I agree, the science behind this topic is fascinating. 90% happening in the brain seems true for other sensory experiences as well: the same food can taste different, the same colours can feel different and so on. Just like those who appreciate great wine and willing to pay $500 or more for a bottle, on this forum gather the gourmet section of audiophiles. Understanding the biological and technical background is interesting, but we are here for the exquisite pleasure of enjoying good audio.Biologically and technically.
As Rob Watts mentioned from his story to evolve DAC designs, ears are 10% and the rest is our brains, these are capable to distinguish also small and tiny sound transients.
That could mean the more we listen to good gear, take it is an exercise, the more we can reveal in the sound joking. Though definitely the trained ears could distinguish more.
By eliminating barriers from signal in the DAC designs, and amps that is the base. Though it becomes soon tougher (i.e. distortion vs feedback) and that is why audiophile infidels say 0s are 0s and 1s are 1s, better not to know and be free.
On the other hand Great that we can hear the difference and great that the human brain loses memory so quick. We need keep listening to not forget
In my looking to understand why DACs and why cables sound not the same, having no possiblity to hear them all, I turned to synthesizers, the generators/composers of sound. A lot of truth and knowledge for audiophile to seek there. Recommended. Look to a square signal generators versus sinusoid ones and their harmonics when low pass cut-off. And then subtract one from the other. Unbelievable. That is what the ears could hear.
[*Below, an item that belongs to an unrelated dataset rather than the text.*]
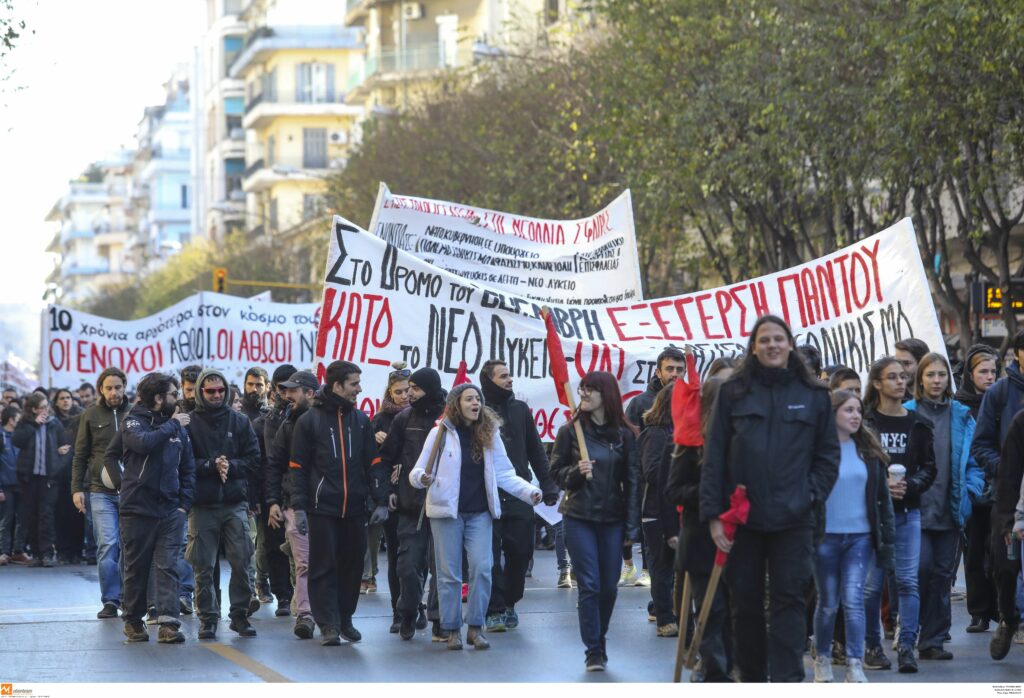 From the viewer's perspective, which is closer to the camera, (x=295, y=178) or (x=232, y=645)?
(x=232, y=645)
Now do some oscillations in amplitude, frequency, .. that is what impacts also our brain sensitivity.
Hint : if you cut off higher frequency then 20kHz as it is the top ears limit out of the square signal, it is no more square . Look to frequency spectrum of such cutoff square signal. Simply harmonics of various frequencies far beyond 20kHz are compounds of the square of 1kHz. All to do a ramp from 0 to 1. The proof that i.e. 1kHz square is not about 0s and 1s. There is more
I used to own a TT2 and Qutest, so I am quite familiar with Rob Watt's puritan design approach when it comes to DACs (and his DACs are indeed great), but many human brains prefer harmonic distortion to ultimate clarity. Just look why tube amps are so popular and how R2R DACs are on a rise these days.
Theory is important and interesting, but simply immersing into music via fine audio reproduction is even more appealing to me.